## The problem
Pictures in the entries below are excluded; copy only the lines from the one containing "秦艽家种不同规格不同质量" to the one containing "Agricultor fumigando en un campo de fresas.", both included.
Start of Data to use
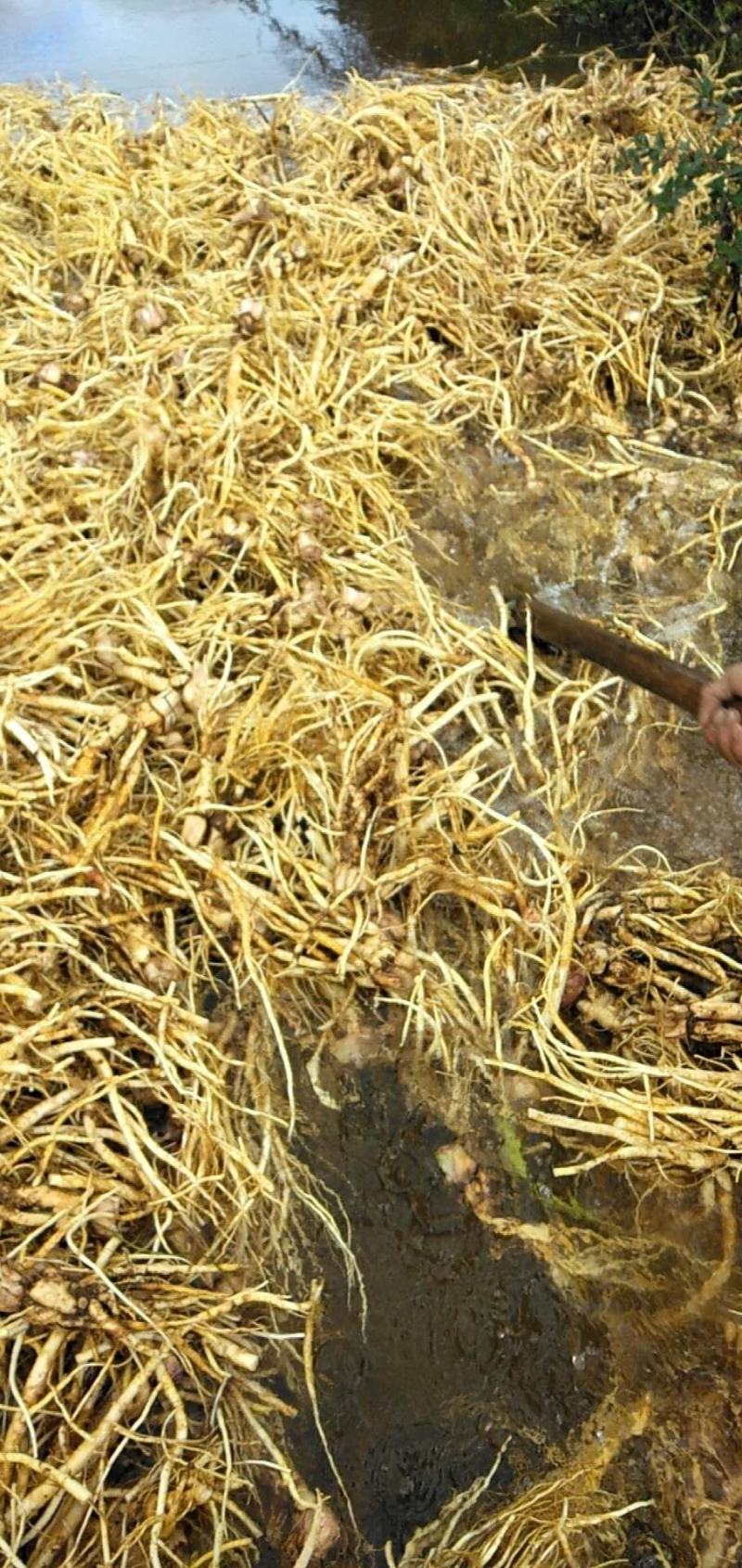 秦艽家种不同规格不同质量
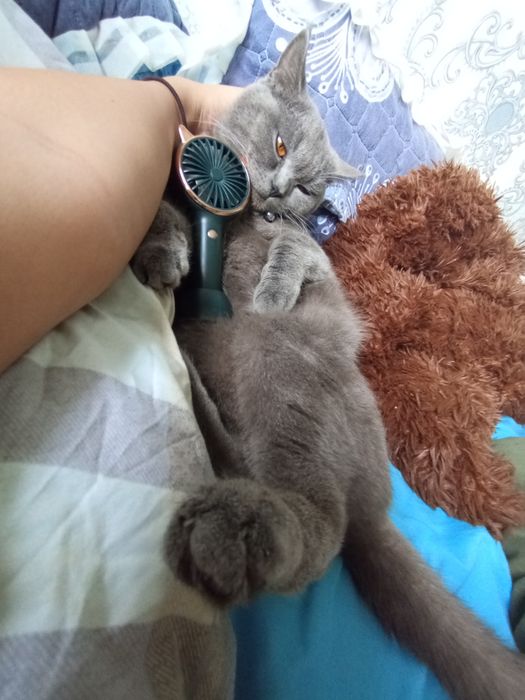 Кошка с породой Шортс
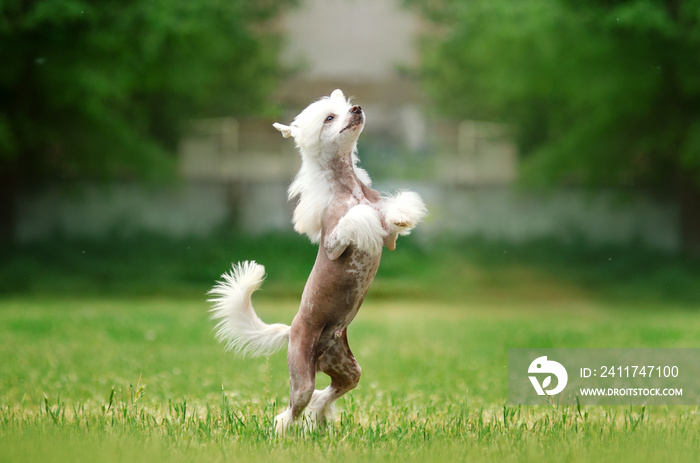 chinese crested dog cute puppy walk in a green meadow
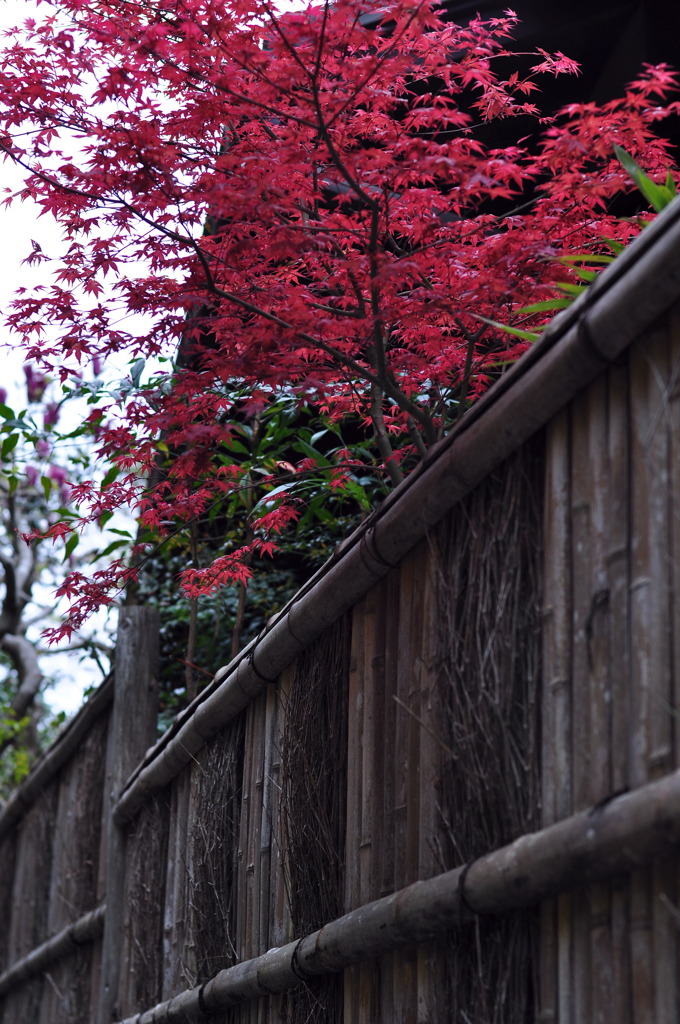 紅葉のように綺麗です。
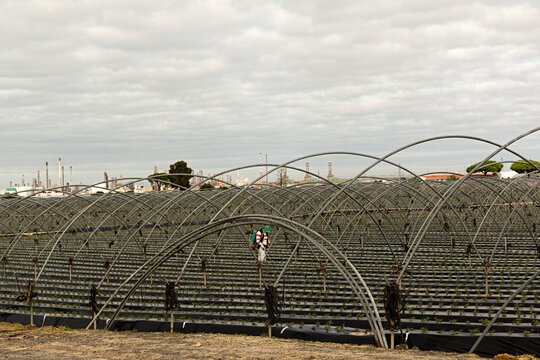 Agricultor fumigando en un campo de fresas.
End of Data to use
Start of Data to use
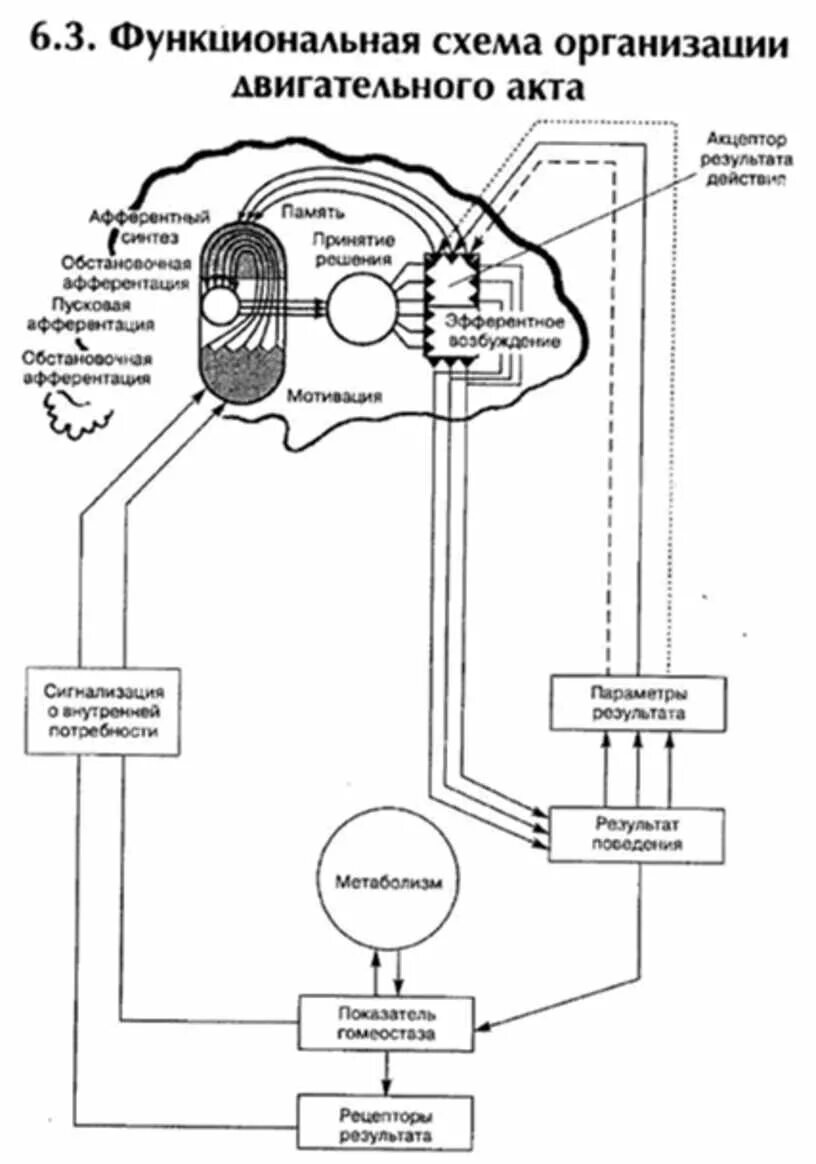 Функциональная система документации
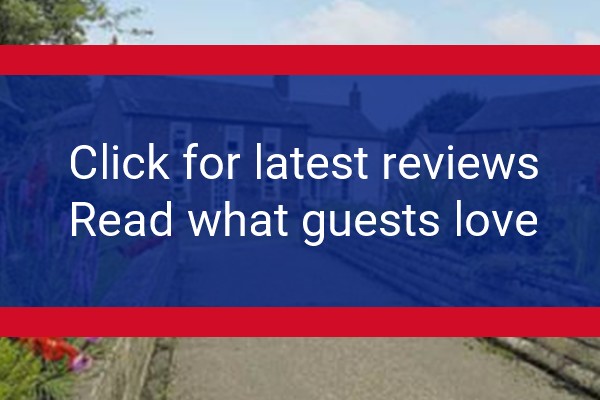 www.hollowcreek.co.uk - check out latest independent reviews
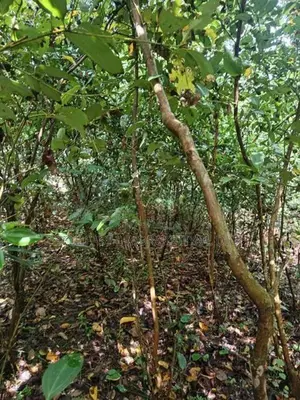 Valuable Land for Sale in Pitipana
End of Data to use
## Result
 秦艽家种不同规格不同质量
 Кошка с породой Шортс
 chinese crested dog cute puppy walk in a green meadow
 紅葉のように綺麗です。
 Agricultor fumigando en un campo de fresas.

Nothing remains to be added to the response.